EXERCISE DIRECTIONS: Nothing but the lines from the one containing "MATTHEW HOBGOOD 2009" through the last line of the records belongs in the answer, copied exactly and with the pictures left out.

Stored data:
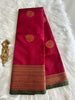 Blood Red Soft Silk Saree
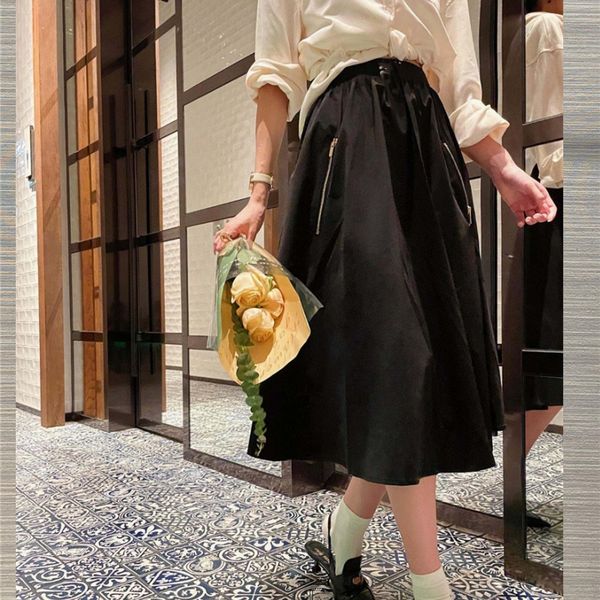 designer skirt woman fashion knee length skirts nylon black khaki long skirt casual summer clothes
designer skirt woman fashion knee length skirts nylon black khaki long skirt casual summer clothes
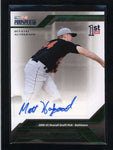 MATTHEW HOBGOOD 2009 TRISTAR PROSPECTS GREEN ROOKIE AUTOGRAPH AUTO #23/25 AC1384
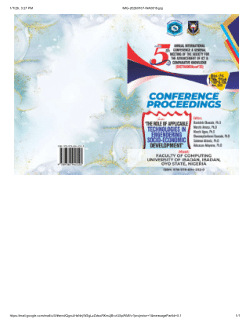 THEME: The Role of Applicable Technologies in Engendering Socio-Economic Development (Proceedings of the 2025 5th International Conference of the Society for the Advancement of ICT & Comparative Knowledge (SOCTHADICKconf’25) PAPER TITLES: INVESTIGATING IN-DEPTH KNOWLEDGE OF CYBERCRIME AMONG NIGERIANS & PERSPECTIVE OF INFORMATION AND COMMUNICATION TECHNOLOGY AS A WEAPON PROMOTING YOUTH EMPLOYMENT)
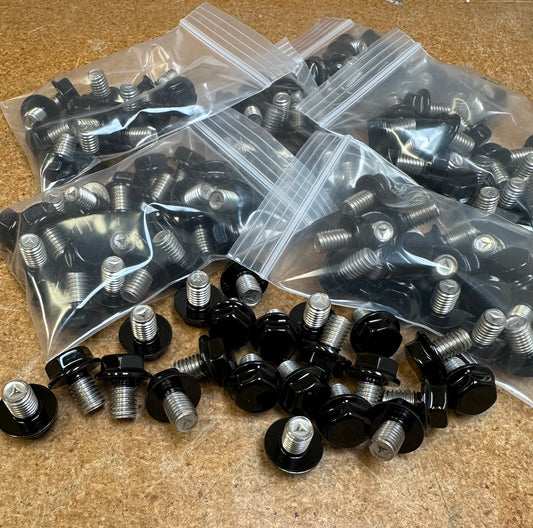 13mm flanged hex (black coated stainless)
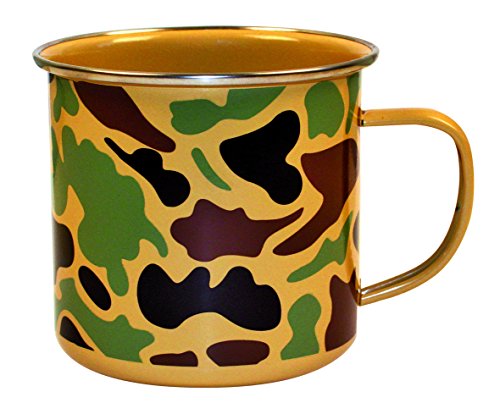 Gift Republic Camo Enamel Mug, Multi-Color
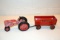 Product Minatures Farmall Super Tractor With Wagon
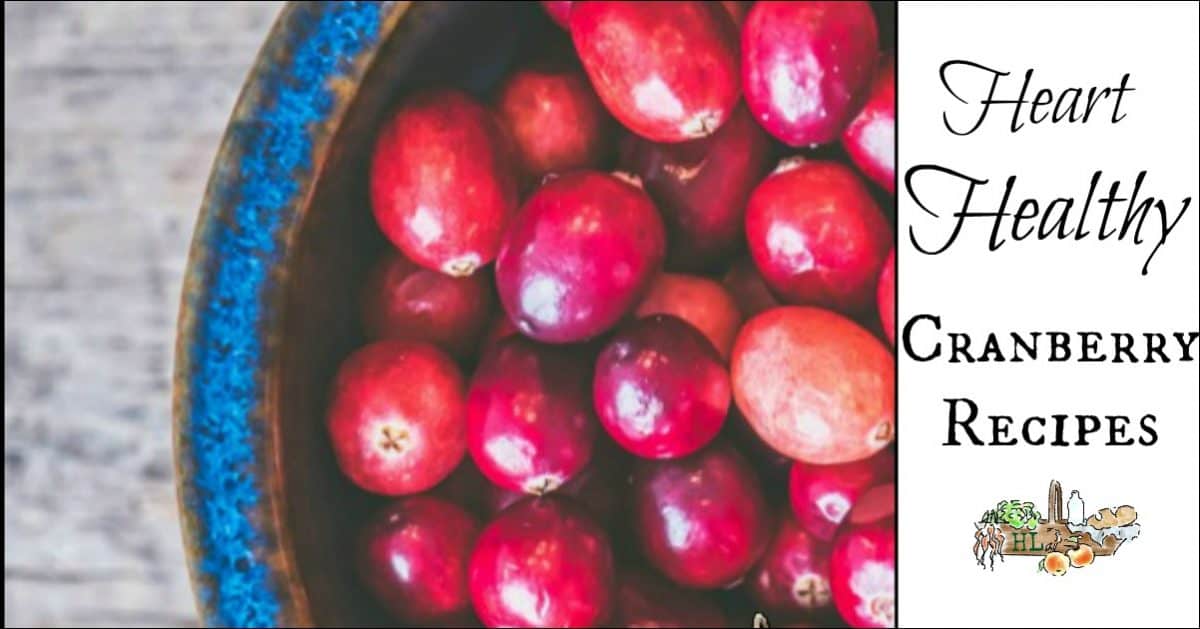 Heart Healthy Cranberry Recipes • Homestead Lady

SOLUTION FOR THIS PROBLEM:
 MATTHEW HOBGOOD 2009 TRISTAR PROSPECTS GREEN ROOKIE AUTOGRAPH AUTO #23/25 AC1384
 THEME: The Role of Applicable Technologies in Engendering Socio-Economic Development (Proceedings of the 2025 5th International Conference of the Society for the Advancement of ICT & Comparative Knowledge (SOCTHADICKconf’25) PAPER TITLES: INVESTIGATING IN-DEPTH KNOWLEDGE OF CYBERCRIME AMONG NIGERIANS & PERSPECTIVE OF INFORMATION AND COMMUNICATION TECHNOLOGY AS A WEAPON PROMOTING YOUTH EMPLOYMENT)
 13mm flanged hex (black coated stainless)
 Gift Republic Camo Enamel Mug, Multi-Color
 Product Minatures Farmall Super Tractor With Wagon
 Heart Healthy Cranberry Recipes • Homestead Lady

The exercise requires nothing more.